İşte, Yeruşalime çıkıyoruz; İnsanoğlu başkâhinlerin ve yazıcıların eline verilecek; onlar onu ölüme mahkûm edeceklerdir. Ve onunla eğlensinler, kamçı ile dövsünler, ve haça gersinler diye, onu Milletlere verecekler; ve üçüncü gün kıyam edecektir.
O zaman Zebedinin oğullarının anası, oğulları ile beraber onun yanına gelip secde kılarak kendisinden bir şey diledi. Ve İsa kadına dedi: Sen ne istiyorsun? Kadın ona dedi: Emret ki, bu benim iki oğlum senin melekûtunda biri sağında, ve biri solunda otursunlar. Fakat İsa cevap verip dedi: Siz ne dilediğinizi bilmiyorsunuz. Benim içmek üzre olduğum kâseyi içebilir misiniz? Onlar İsaya: Edebiliriz, dediler. İsa onlara dedi: Gerçi siz benim kâsemi içeceksiniz; fakat sağımda veya solumda oturmağı vermek benim elimde değil; fakat Babam tarafından hazırlanmış olanlar içindir. Ve on şakirt bunu işittikleri zaman, iki kardeşe gücendiler. Fakat İsa onları yanına çağırıp dedi: Bilirsiniz ki, Milletlerin reisleri onlara saltanat ederler, ve büyükleri üzerlerine hâkimiyet sürerler. Sizin aranızda böyle olmıyacaktır; fakat aranızda kim büyük olmak isterse, hizmetçiniz olsun. Ve aranızda kim birinci olmak isterse, kulunuz olsun. Nitekim İnsanoğlu kendisine hizmet edilmeğe değil, ancak hizmet etmeğe ve bir çokları için canını fidye vermeğe geldi.
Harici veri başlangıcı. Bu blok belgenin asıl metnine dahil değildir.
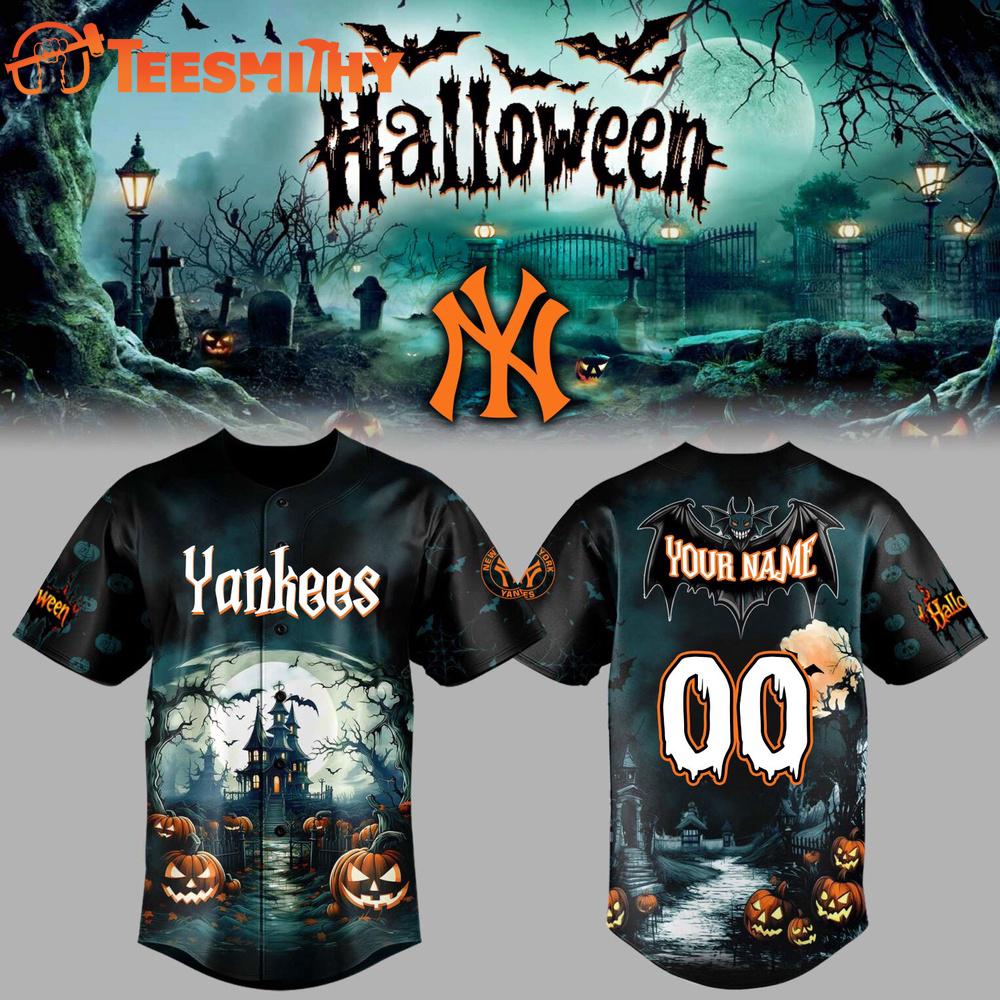 Special Edition New York Yankees x Halloween Spooky Custom Baseball Jersey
Ve onlar Erihadan çıktıkları zaman, büyük bir kalabalık İsanın ardınca gitti. Ve işte, yol kenarında oturan iki kör, İsanın geçtiğini işitince: Ya Rab, bize merhamet eyle, sen, ey Davud oğlu! diye bağırdılar. Ve sussunlar diye kalabalık onları azarladı. Fakat onlar: Ya Rab, bize merhamet eyle, sen, ey Davud oğlu! diye, daha çok bağırdılar. İsa durup onları çağırarak dedi: Size ne yapmamı istiyorsunuz? Onlar kendisine: Ya Rab, gözlerimiz açılsın, dediler. Ve İsa acıyarak, gözlerine dokundu; ve hemen gözleri açılıp onun ardınca gittiler.